Segment Open
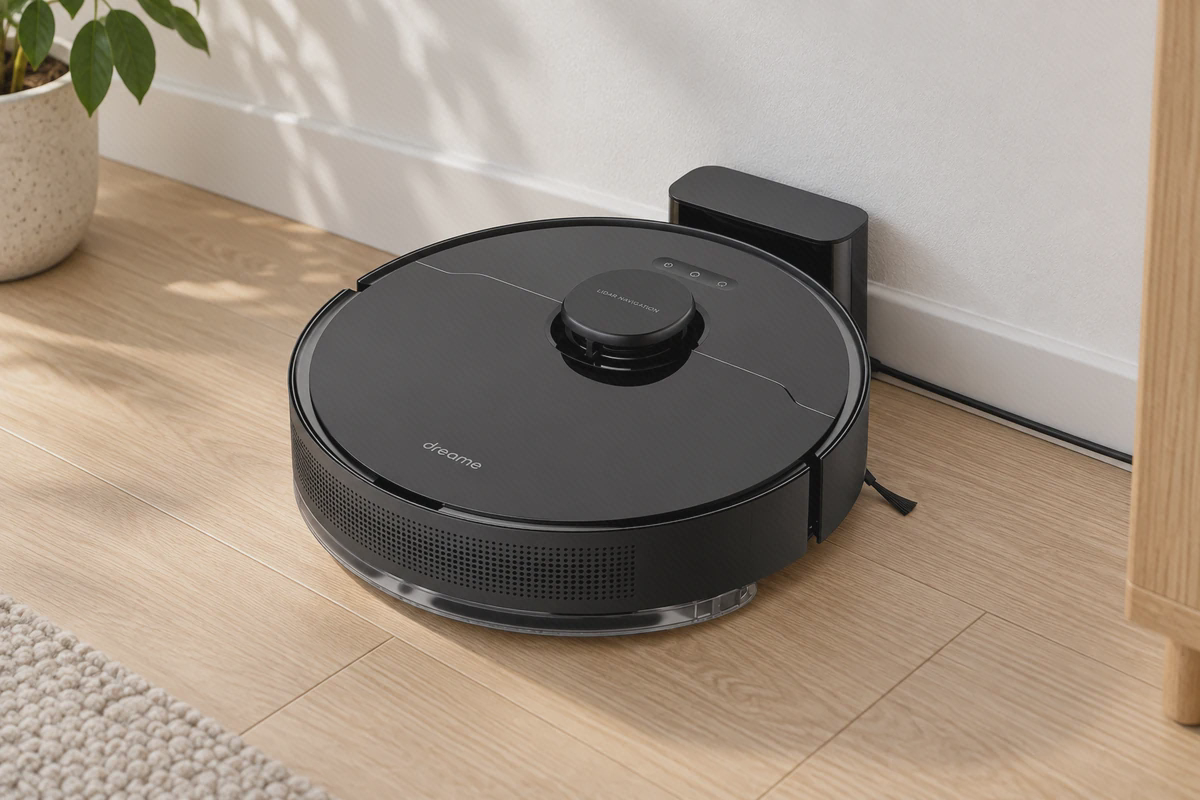 داک شارژ D10s Pro در محل استفاده کنار دیوار جاروی مشکی Dreame D10s Pro روی پایه شارژ ساده مشکی کنار دیوار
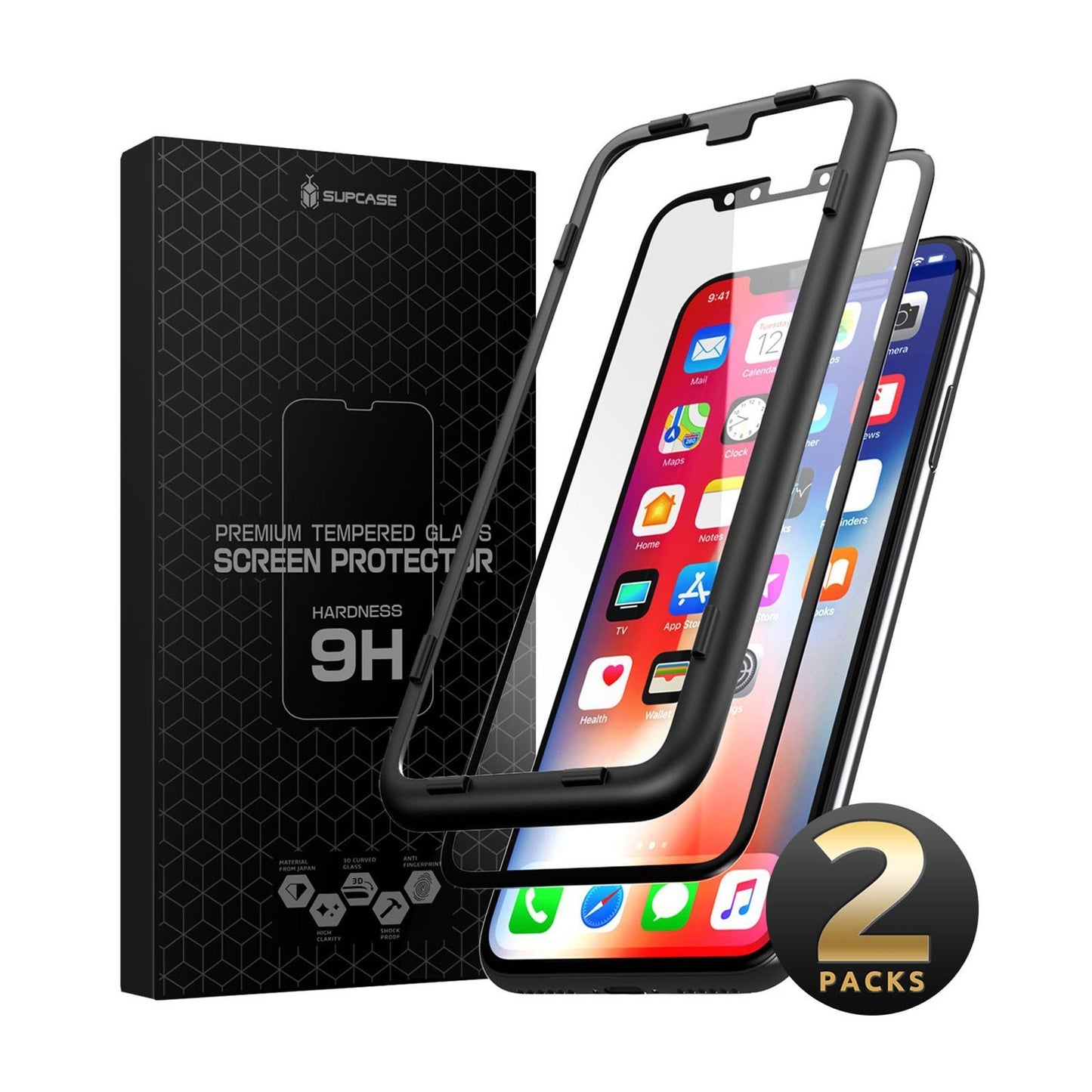 3D Glass Screen Protector (2 pack) for iPhone 6.5 inch 2018 and 2019-Clear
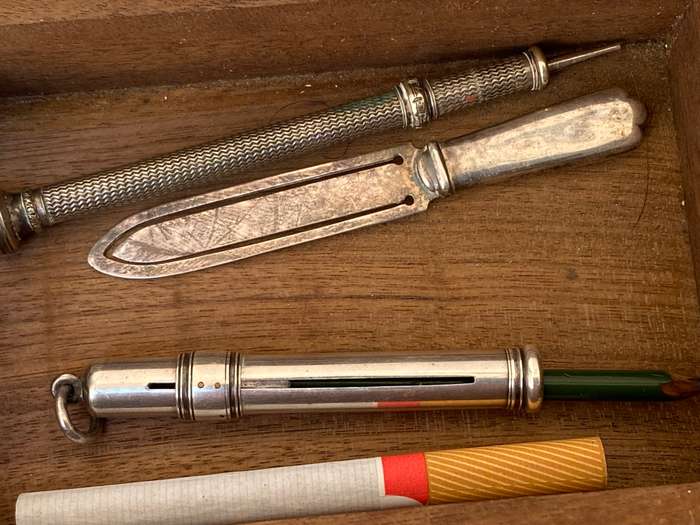Vintage Samson Mordan sterling silver pencil holder , + antique mechanical propelling  pencil pair
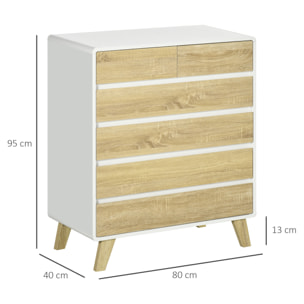 Commode design scandinave - 6 tiroirs - MDF panneaux blanc aspect chêne clair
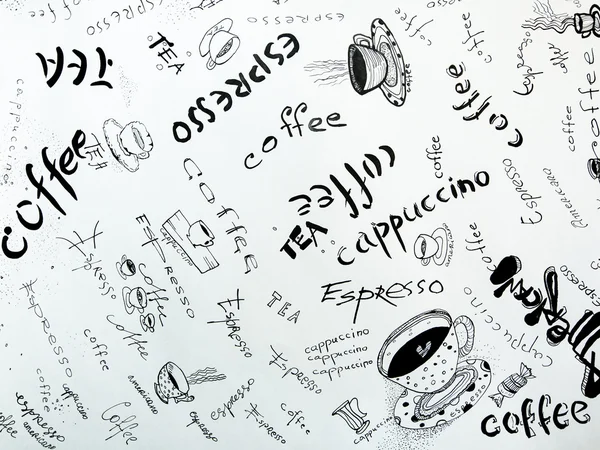 Begreppet kaffe: skisser i bläck på vitt papper. — Stockfoto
Segment Closed
Task requirements: Take the lines from the one containing "3D Glass Screen" through the final line of the listing above and print them exactly, including both ends but no pictures.

Task answer:
 3D Glass Screen Protector (2 pack) for iPhone 6.5 inch 2018 and 2019-Clear
Vintage Samson Mordan sterling silver pencil holder , + antique mechanical propelling  pencil pair
 Commode design scandinave - 6 tiroirs - MDF panneaux blanc aspect chêne clair
 Begreppet kaffe: skisser i bläck på vitt papper. — Stockfoto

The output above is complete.